No, the only garment that remained on Josh's body at present were his white boxers, keeping his lower body covered and leaving every other part of him exposed to the chilly atmosphere of the lab. As he sat there on the padded stretcher Mags had ushered him onto, his legs dangling over the side, Josh was keenly aware of how thoroughly the undead inventor was examining him, and indeed how thoroughly she _had_ been examining him for the last fifteen minutes… and how thoroughly she'd probably _still_ be examining him fifteen minutes from now.

As soon as the young human had come back from his reconnaissance mission with Splat, Mags had hurried him in here, insistent on giving him a one heck of a physical. She had given him the works - tongue suppressant, hearing test, blood pressure, vision test, reflex reaction, taking his temperature… The only thing she _hadn't_ given him as of yet, much to his relief, was an injection of any variety.

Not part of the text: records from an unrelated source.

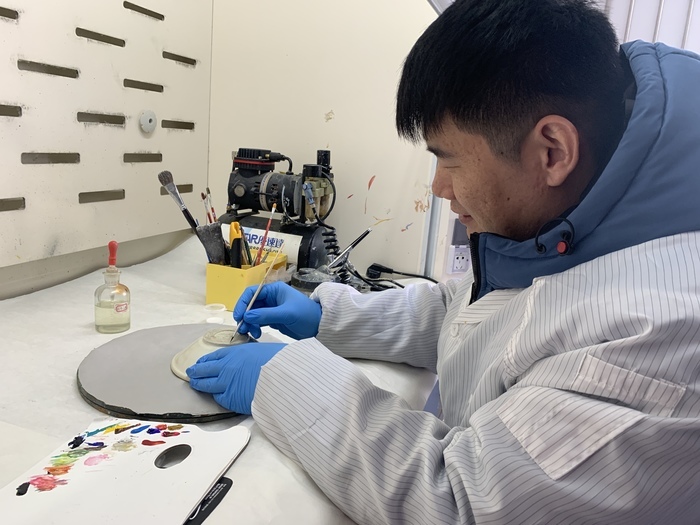 54件唐三彩是怎样被修复的？文物修复师为你“揭秘”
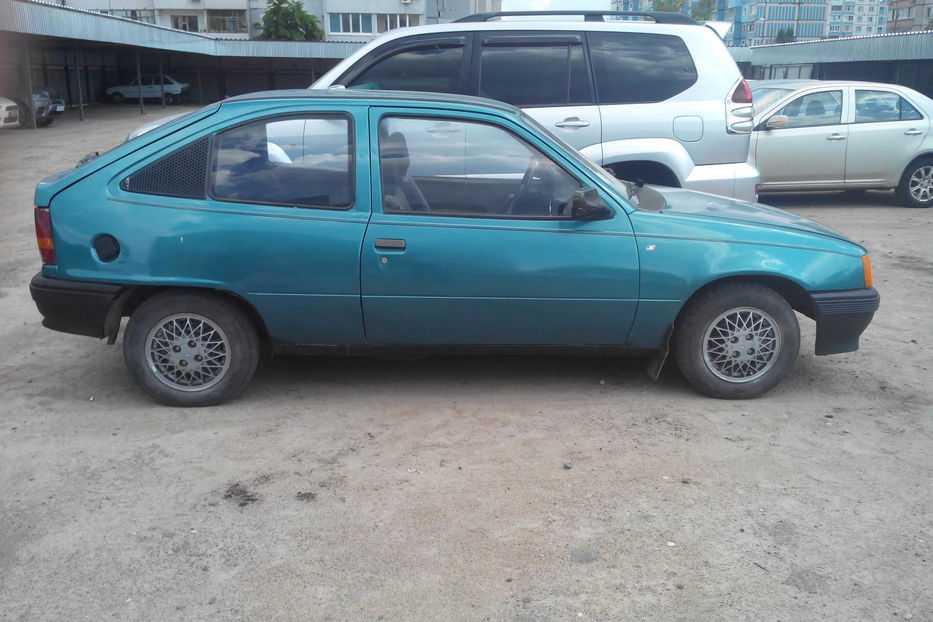 Продам Opel Kadett 1985 года в г. Днепродзержинск, Днепропетровская область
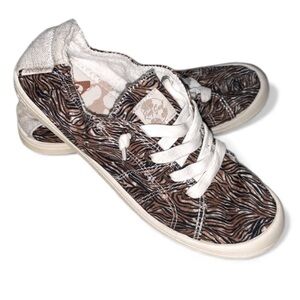 Roxy Womens “Bay Shore III” No Tie/ Slip On Tennis Shoes In Animal Print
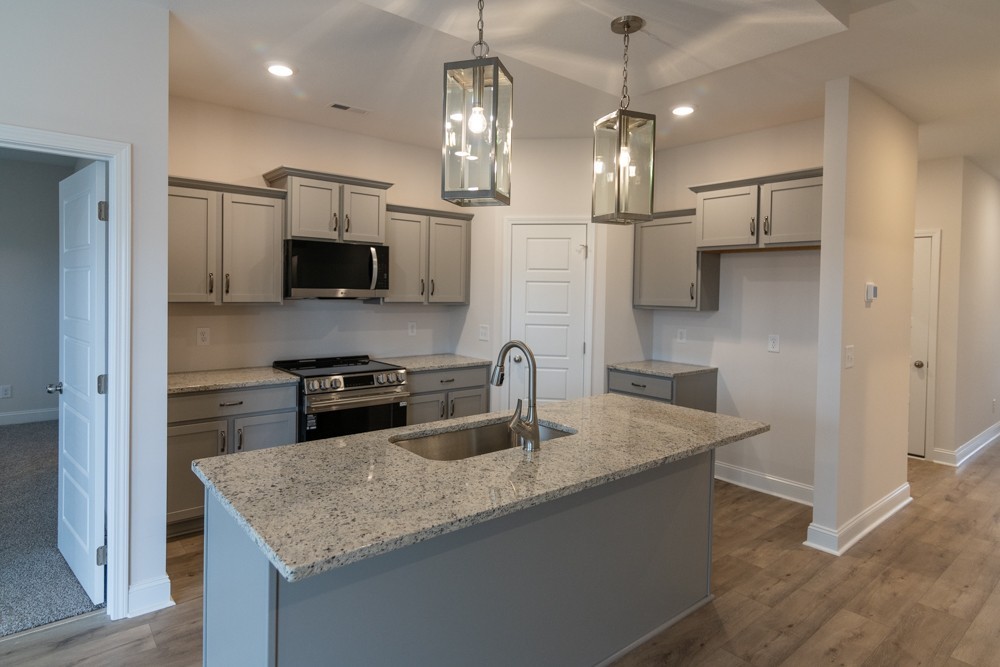 1584 Hidden Creek Trail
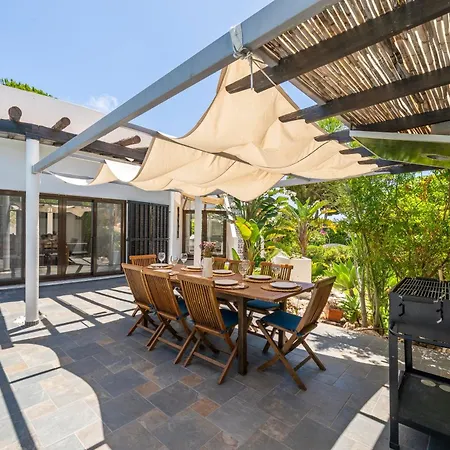 4-bedroom Private Pool Вилла Виламура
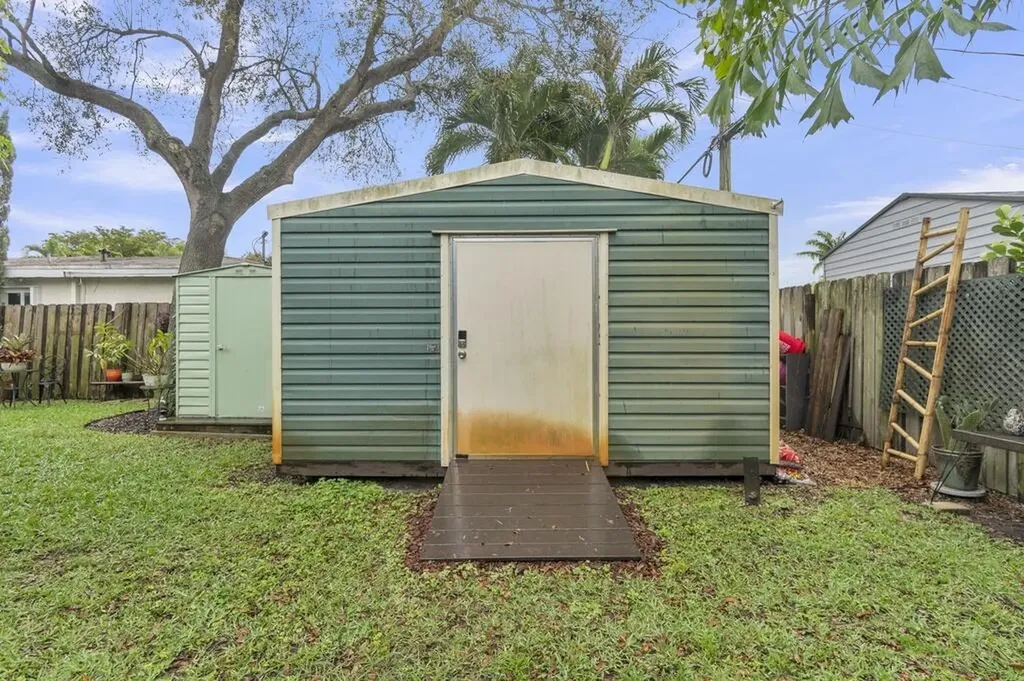 4681 NE 5th Avenue Fort Lauderdale FL 33334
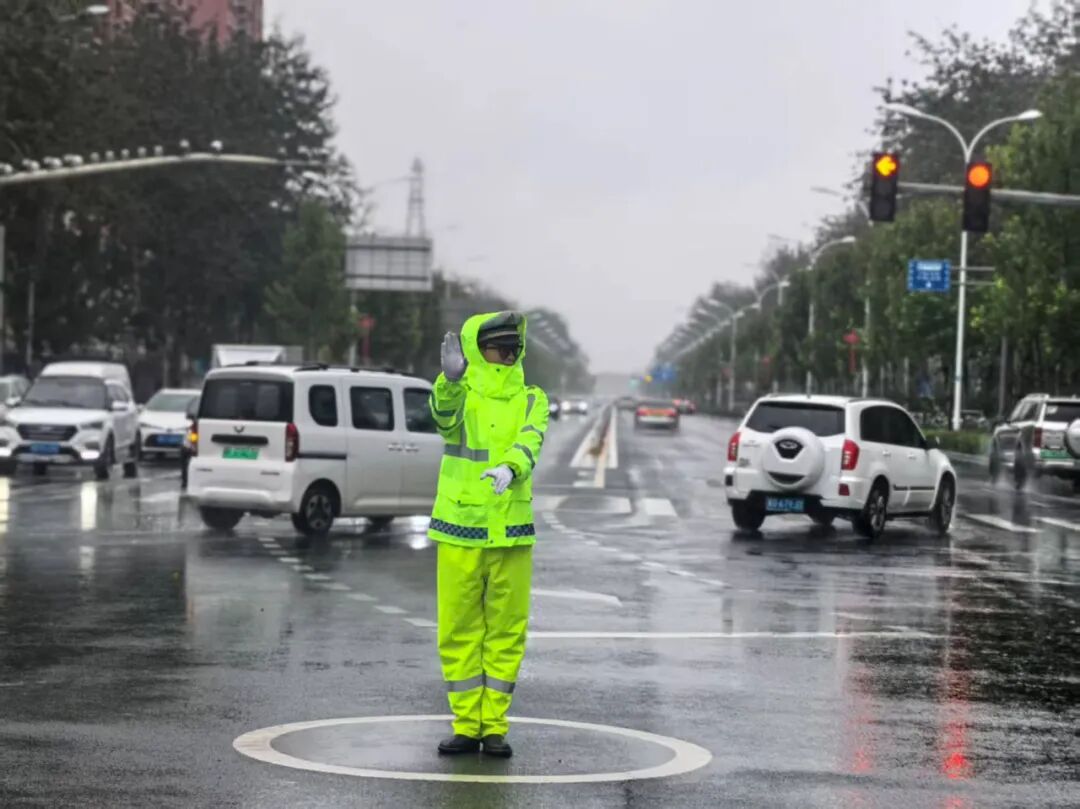 京津冀強降雨路況信息_廊坊交警雨天出行安全_出行提示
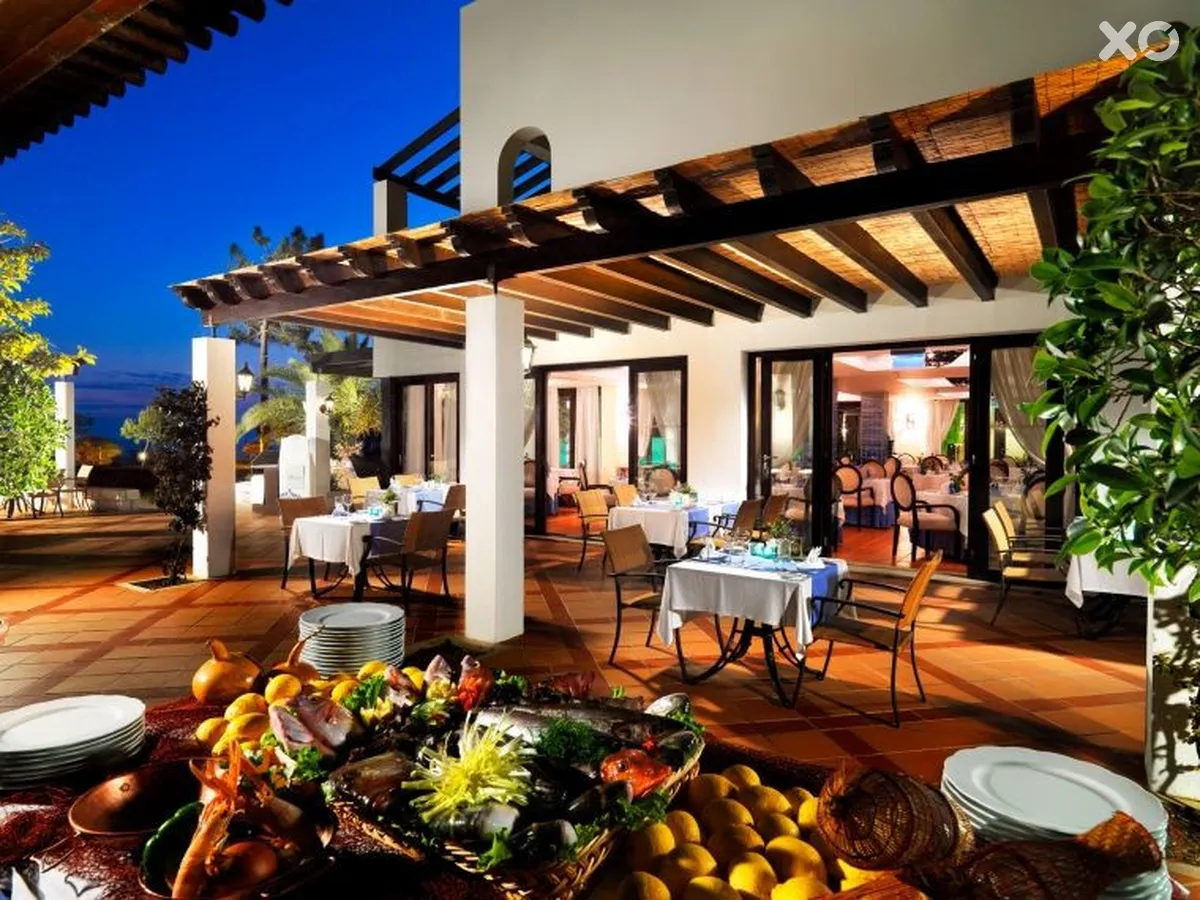 Pine Cliffs Hotel, Luxury Collection Resort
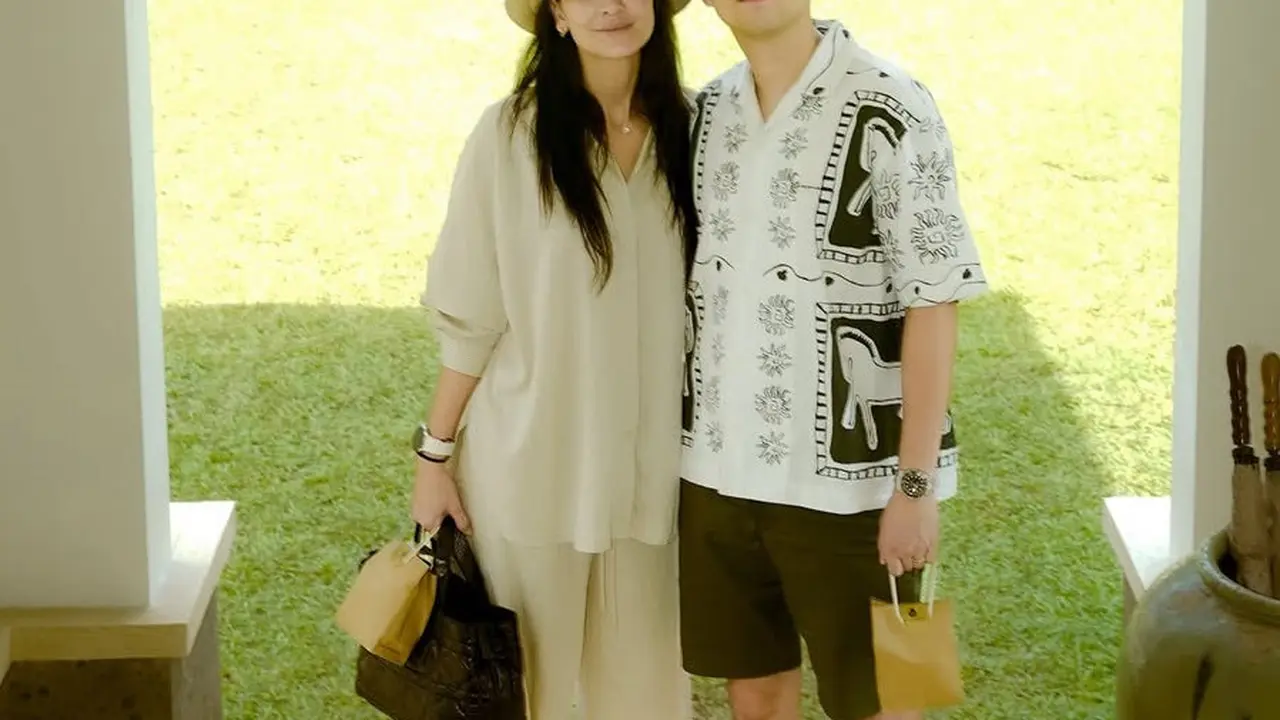 Gaya Resort Luna Maya dan Maxime Bouttier saat Anniversary Satu Bulan Pernikahan di Bali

"Miss Mags, if you don't mind me asking, how much longer is this gonna go on for?" Josh asked as Mags shifted the position of the stethoscope ever so slightly, barely moving it half an inch. "It's just that I'm starting to feel a little chilly, sitting here like this."

"Huh? You say somethin'?" Mags asked, taking what Josh had thought were the stethoscope's earbuds out of her ears, but were, in actuality, the buds of a music player that the undead inventor had been carrying in her pocket. For all his polite, mild-mannered tendencies, Josh didn't even _try_ to hide his groan of annoyance.

"Miss Mags, with all due respect, do you even _have_ a medical degree?" the boy enquired, irritation clearly present in his tone.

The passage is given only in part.